▶ WHAT THE TASK ASKS
Please make an exact copy of the lines from the one holding "Honda Civic 2007" through the end of the data, both ends included, with no pictures.

** Opening EXTRACTED RECORDS block **

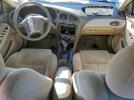 Oldsmobile Alero Gl Image 4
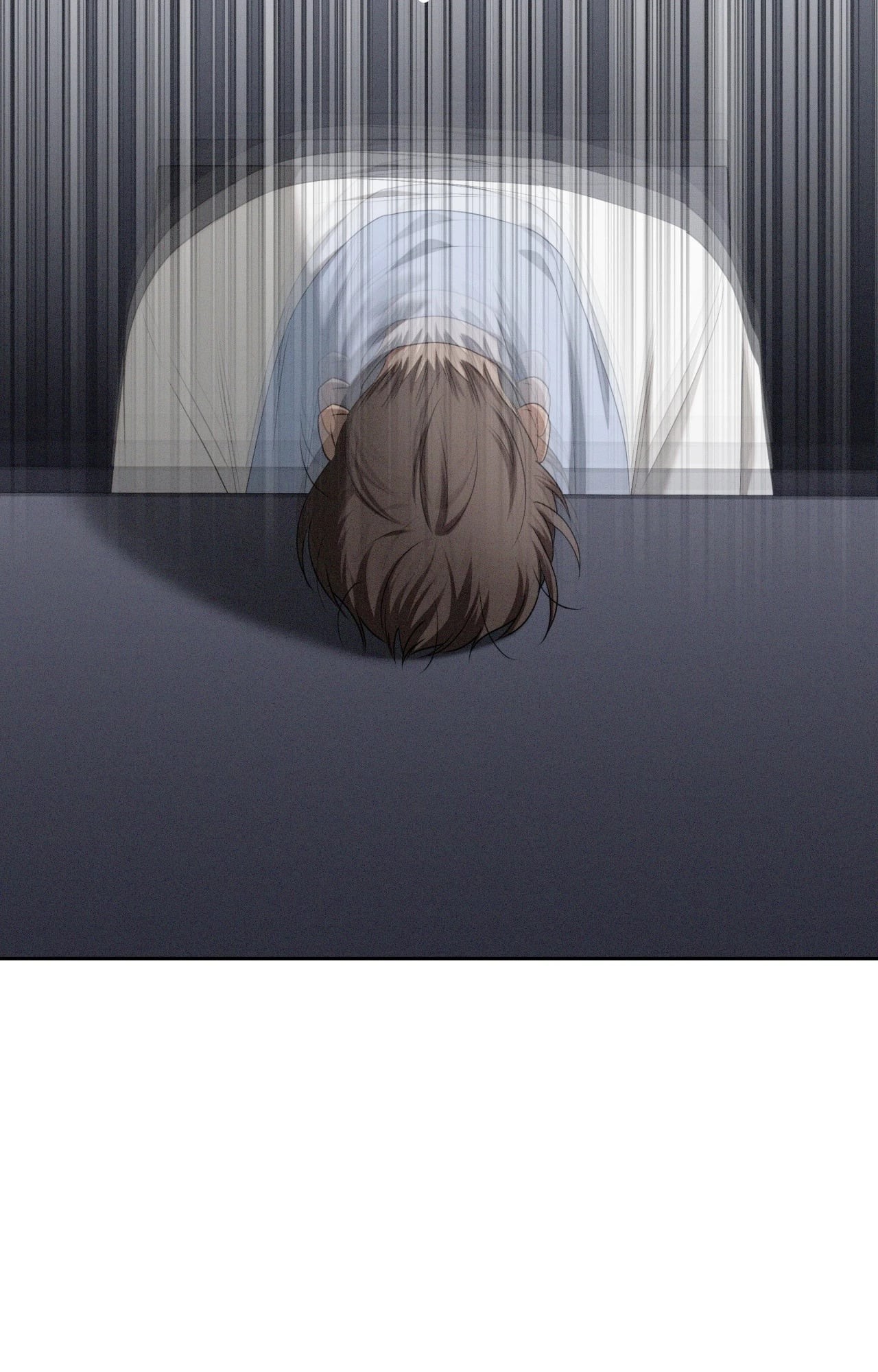 หน้า 103
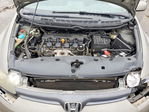 Honda Civic 2007
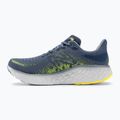 New Balance мъжки обувки за бягане W1080V12 navy 9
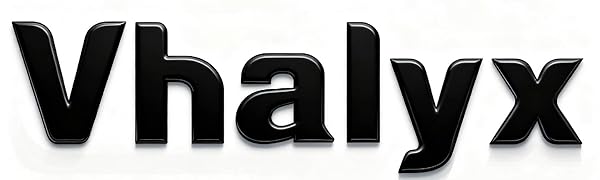 12pcs Scratch-Free Steel Dishcloths. Reusable, Quick-Dry, Odorless. Perfect for Dishes, Sinks, cookware. 7.87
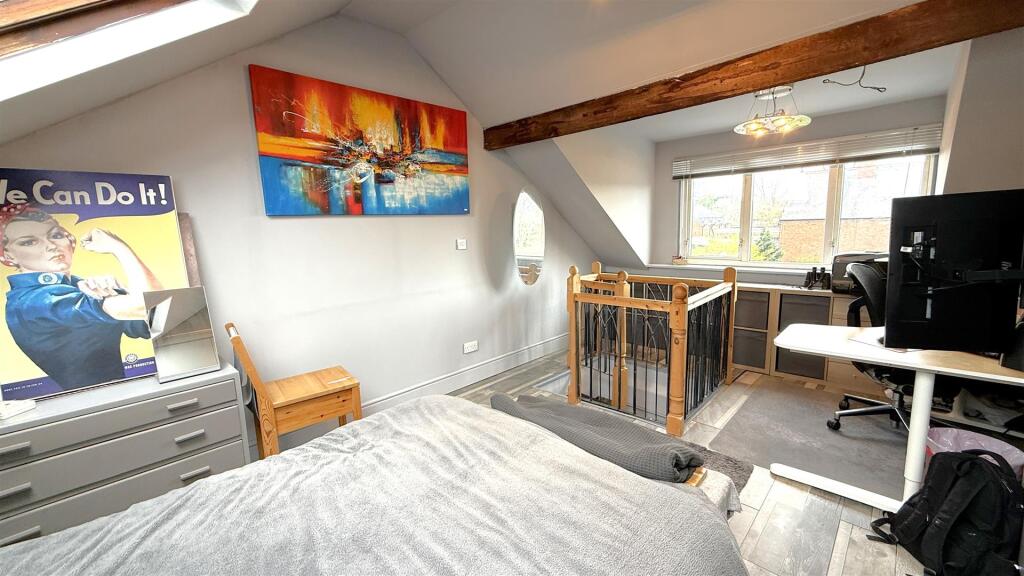 Additional image 16 of Midland Road, Cotteridge, Birmingham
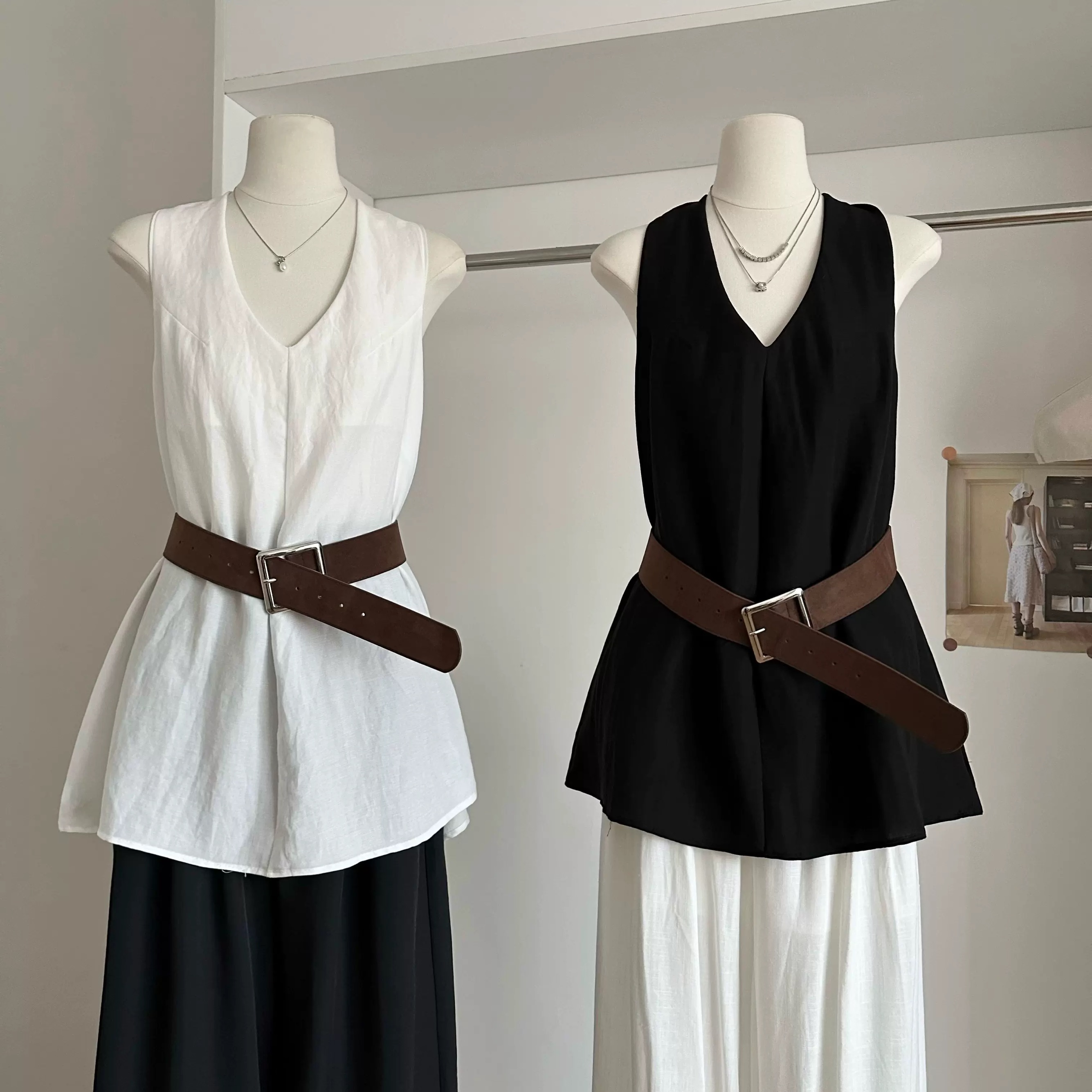 Come over tonight top CTO968 images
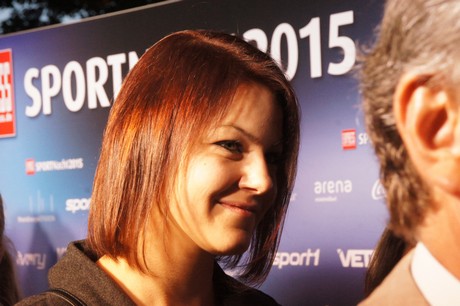 Sportnacht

** Closing EXTRACTED RECORDS block **

▶ TASK ANSWER
 Honda Civic 2007
 New Balance мъжки обувки за бягане W1080V12 navy 9
 12pcs Scratch-Free Steel Dishcloths. Reusable, Quick-Dry, Odorless. Perfect for Dishes, Sinks, cookware. 7.87
 Additional image 16 of Midland Road, Cotteridge, Birmingham
 Come over tonight top CTO968 images
 Sportnacht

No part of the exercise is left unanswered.